AİHM'in Cumhurbaşkanlığı Yerleşkesi Davasıyla İlgili Hükümete Verdiği Süre Bugün Doluyor.
Mimarlar Odası Ankara Şubesi’nin Atatürk Orman Çiftliği arazisine yapılan Cumhurbaşkanlığı yerleşkesiyle ilgili açtığı davada hükümetin görüşünü sunması için verdiği süre bugün sona eriyor. Şube Başkanı Tezcan Karakuş Candan, “Biz AİHM’e yazılı olarak müzakereye açık olduğumuzu bildirdik, hükümet ne bildirdi bilmiyoruz, bizimle herhangi bir iletişimleri olmadı. AİHM bu aşamadan sonra hükümetten savunma isteyecek” dedi.
Mimarlar Odası Ankara Şubesi'nin Atatürk Orman Çiftliği arazisine yapılan Cumhurbaşkanlığı yerleşkesiyle ilgili açtığı davada hükümetin görüşünü sunması için verdiği süre bugün sona eriyor. Şube Başkanı Tezcan Karakuş Candan, "Biz AİHM'e yazılı olarak müzakereye açık olduğumuzu bildirdik, hükümet ne bildirdi bilmiyoruz, bizimle herhangi bir iletişimleri olmadı. AİHM bu aşamadan sonra hükümetten savunma isteyecek" dedi.
Mimarlar Odası Ankara Şubesi, Atatürk Orman Çiftliği arazisine yapılan Cumhurbaşkanlığı yerleşkesiyle ile ilgili açtığı davada iç hukuk yollarını tüketilmesinin ardından 2015 yılın Avrupa İnsan Hakları Mahkemesi'ne (AİHM) başvurmuştu. Şube ve Şube Başkanı Tezcan Karakuş Candan adına yapılan başvuruda AİHM, dava öncesinde taraflara 'dostane çözüm önerisi'nde bulunmuş ve konuyla ilgili görüşlerini istemişti.
AİHM'in görüşlerin iletilmesi için verdiği süre bugün doluyor.
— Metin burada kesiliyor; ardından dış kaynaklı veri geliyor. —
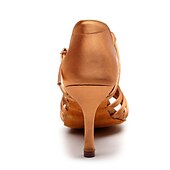 abordables Chaussures de danses latines-chaussures à talons de danse latine à lanières en satin pour femmes avec semelle en daim souple - chaussures de spectacle de salle de bal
Konuyla ilgili yazılı açıklama yapan Şube Başkanı Karakuş Candan, şunları belirtti:
"Atatürk Orman Çiftliği davası, AİHM filitrasyonundan geçti ve hükümetin savunmasının alınmasından önce AİHM, 'Taraflar müzakere etsin ve yargılama süreci başlamadan bu durum çözülsün' çağrısını yaptı ve 22 Temmuz'a kadar süre verdi. Biz AİHM'e yazılı olarak müzakereye açık olduğumuzu bildirdik, hükümet ne bildirdi bilmiyoruz, bizimle herhangi bir iletişimleri olmadı. AİHM bu aşamadan sonra hükümetten savunma isteyecek. AİHM'in taraflara müzakere sürecinde ilettiği soruları cevaplandırdık. Cevabımızda Atatürk Orman Çiftliği dava süreçlerinde yargı kararlarının hiçleştirildiğini ve evrensel hukuk kurallarının ihlal edildiğini ifade ettik. Dileriz ki hükümet adil yargılanma hakkını savunur, 2014 yılında uygulamadığı yürütmeyi durdurma kararını uygular. O günden bugüne geçen süreci de tazmin eder."
AİHM, hükümete ve Oda'ya görüşlerini sunmak üzere şu soruları sordu:
"1- Sözleşmenin 6. maddesinin 1. bendi, takip edilen davada geçerli şekilde uygulanabilir mi? İlk olarak, Anayasa Mahkemesi, davayı actiopopularis olarak değerlendirerek kişisel mağduriyet nedeniyle bireysel başvuruyu reddederken, idare mahkemelerinin başvurucuların dava açma konusunda menfaatlerini teslim etmesi durumunda başvurucuların medeni hak ve yükümlülükleri açısından söz konusu davayla bağları var mıdır?
2- İş bu davada idare mahkemelerince verilen yürütmenin durdurulması kararlarına uyulmaması, dava sürecine esas yönünden doğrudan bir etki yaratarak başvurucuların adil yargılanma haklarını, hatta bu yargılamalarda incelenen davalarını somut olarak sınırlandırmış mıdır? 6. Maddenin 1. bendinin burada geçerli olduğu varsayılarak; yerel ve/veya merkezi idarelerin, başvurucuların talebi üzerine idare mahkemelerince verilen yürütmenin durdurulması kararını uygulamadığı sürece başvurucular anılan hüküm uyarınca mahkemeye başvurabilirler mi?"